• [TO DO] Beginning at the line containing "Elvisia Kerámia mosdó", output every line to the end of the data below exactly as it appears.

• [Records from a data source]
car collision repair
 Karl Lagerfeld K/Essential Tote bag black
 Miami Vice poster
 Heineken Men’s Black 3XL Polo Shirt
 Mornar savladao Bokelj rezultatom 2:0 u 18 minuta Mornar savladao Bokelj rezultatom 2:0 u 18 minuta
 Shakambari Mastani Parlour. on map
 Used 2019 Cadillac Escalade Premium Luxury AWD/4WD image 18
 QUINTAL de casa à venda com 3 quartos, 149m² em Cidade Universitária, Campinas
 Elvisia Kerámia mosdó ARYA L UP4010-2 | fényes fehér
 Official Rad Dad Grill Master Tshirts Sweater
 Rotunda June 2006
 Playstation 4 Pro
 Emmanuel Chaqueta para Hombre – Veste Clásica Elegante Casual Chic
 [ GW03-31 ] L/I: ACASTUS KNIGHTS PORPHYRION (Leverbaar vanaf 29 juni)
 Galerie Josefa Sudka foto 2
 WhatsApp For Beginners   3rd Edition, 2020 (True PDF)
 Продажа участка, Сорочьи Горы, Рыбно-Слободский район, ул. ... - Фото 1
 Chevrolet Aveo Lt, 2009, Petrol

• [EXPECTED OUTPUT]
 Elvisia Kerámia mosdó ARYA L UP4010-2 | fényes fehér
 Official Rad Dad Grill Master Tshirts Sweater
 Rotunda June 2006
 Playstation 4 Pro
 Emmanuel Chaqueta para Hombre – Veste Clásica Elegante Casual Chic
 [ GW03-31 ] L/I: ACASTUS KNIGHTS PORPHYRION (Leverbaar vanaf 29 juni)
 Galerie Josefa Sudka foto 2
 WhatsApp For Beginners   3rd Edition, 2020 (True PDF)
 Продажа участка, Сорочьи Горы, Рыбно-Слободский район, ул. ... - Фото 1
 Chevrolet Aveo Lt, 2009, Petrol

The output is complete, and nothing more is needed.